Source data
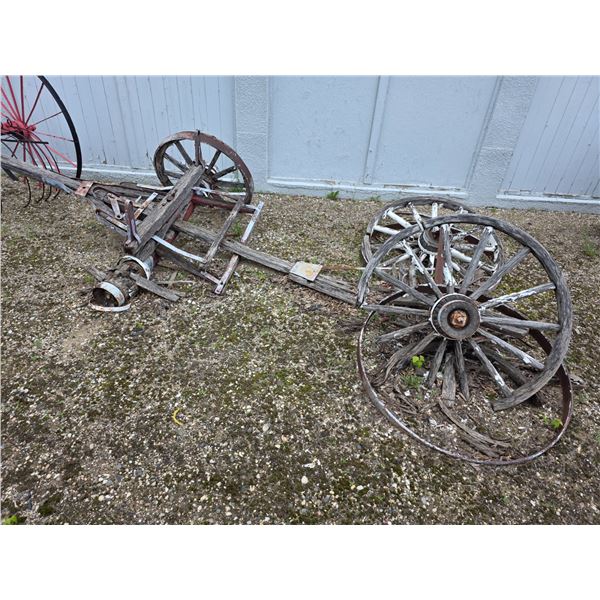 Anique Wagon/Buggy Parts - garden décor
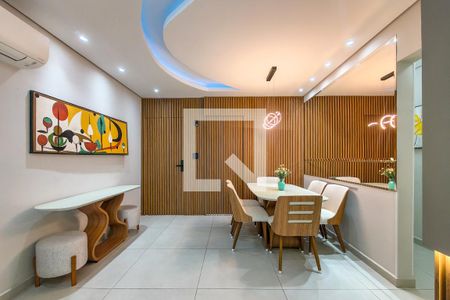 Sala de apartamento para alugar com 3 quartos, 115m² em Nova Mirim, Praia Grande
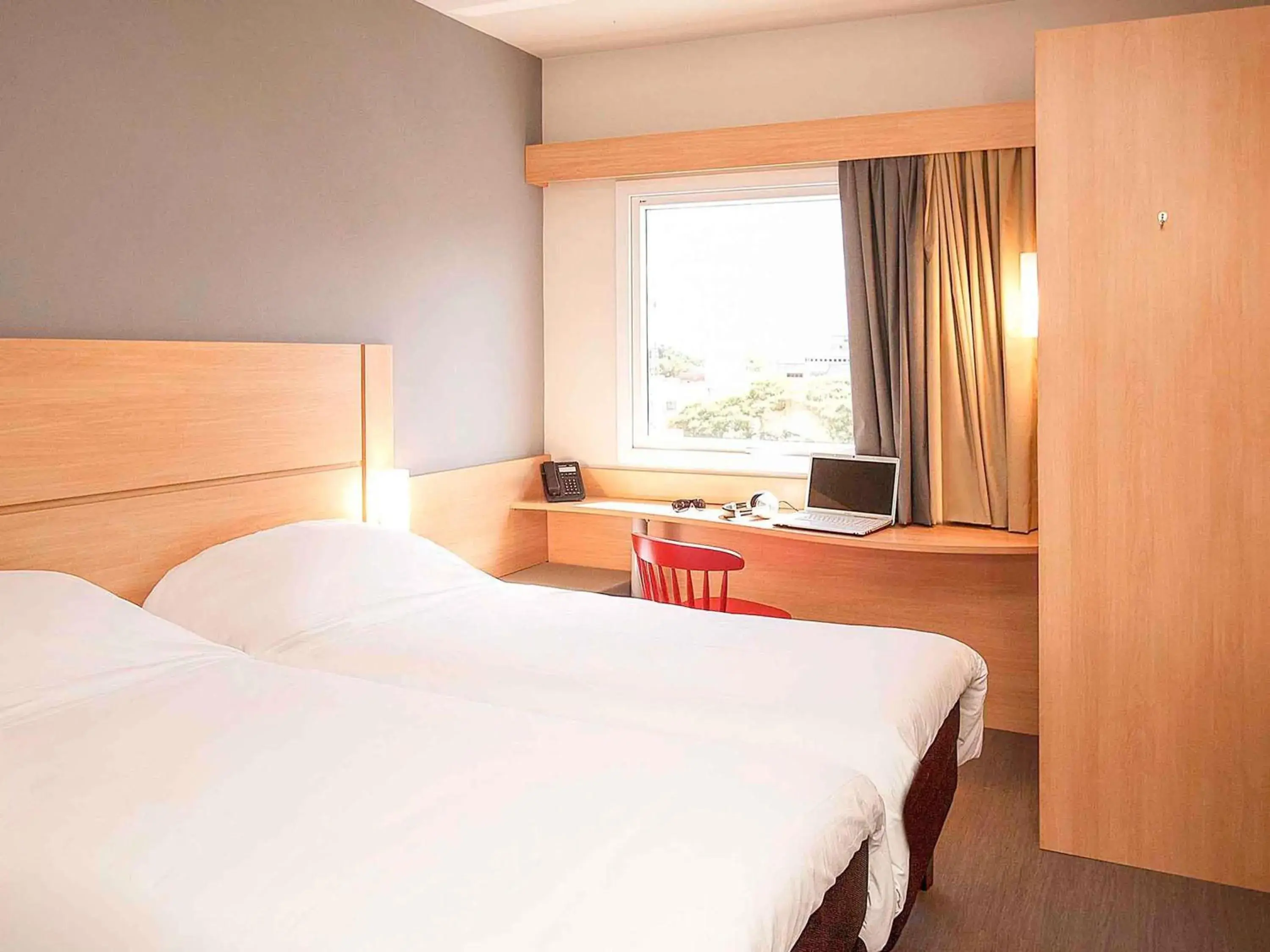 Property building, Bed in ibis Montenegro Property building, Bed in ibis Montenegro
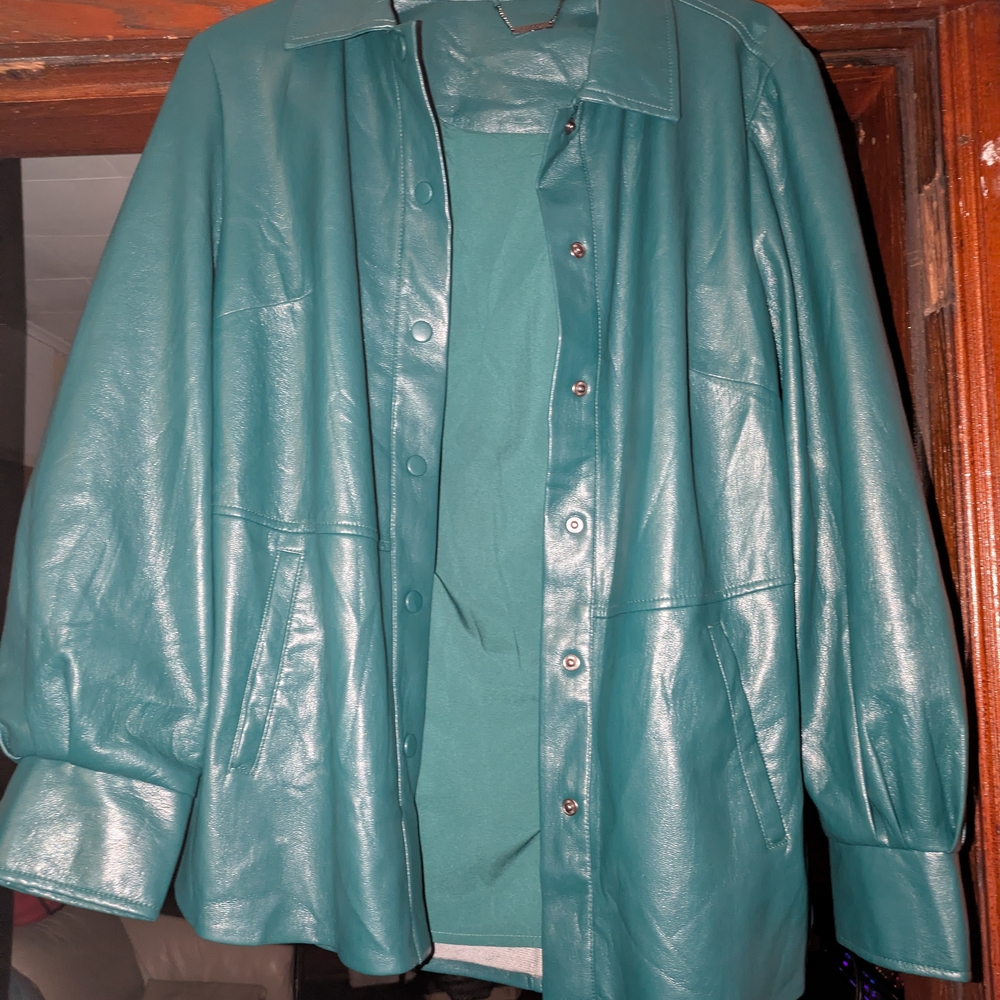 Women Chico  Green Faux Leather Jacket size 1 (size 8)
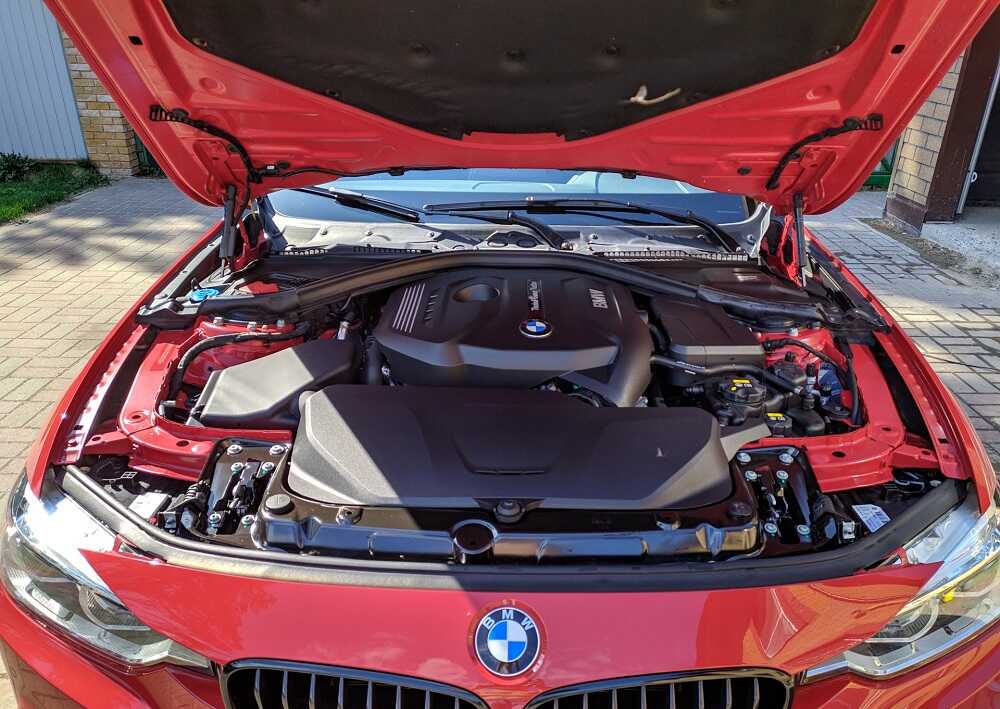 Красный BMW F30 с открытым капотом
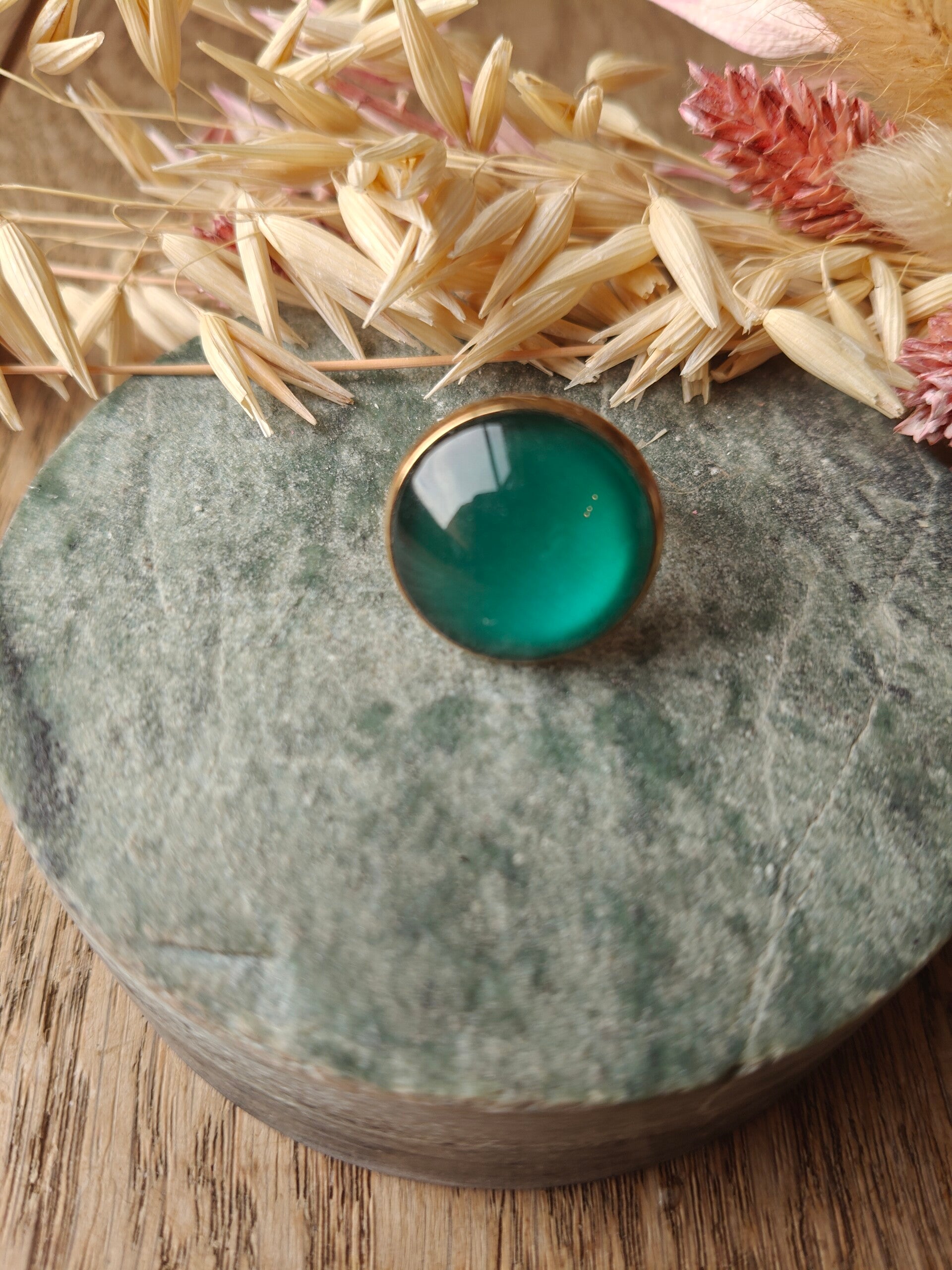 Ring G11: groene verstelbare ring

▸ Task description
In the data above, find the line with "Property building, Bed in ibis Montenegro Property" and repeat it and every line after it through the end, exactly; leave the pictures out.

▸ Worked solution
 Property building, Bed in ibis Montenegro Property building, Bed in ibis Montenegro
 Women Chico  Green Faux Leather Jacket size 1 (size 8)
 Красный BMW F30 с открытым капотом
 Ring G11: groene verstelbare ring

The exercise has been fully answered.